[Extracted entries]
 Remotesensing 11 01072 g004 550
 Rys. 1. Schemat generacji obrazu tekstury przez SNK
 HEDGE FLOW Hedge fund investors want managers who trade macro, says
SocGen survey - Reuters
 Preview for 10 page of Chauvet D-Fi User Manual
[/Extracted entries]
[Extracted entries]
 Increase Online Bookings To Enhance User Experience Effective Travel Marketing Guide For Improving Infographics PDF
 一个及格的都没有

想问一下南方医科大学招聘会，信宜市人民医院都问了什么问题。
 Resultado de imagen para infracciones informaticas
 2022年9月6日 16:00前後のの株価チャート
[/Extracted entries]
Which of the lines above include the word "User"? List those lines.

*Exercise output*.
 Preview for 10 page of Chauvet D-Fi User Manual
 Increase Online Bookings To Enhance User Experience Effective Travel Marketing Guide For Improving Infographics PDF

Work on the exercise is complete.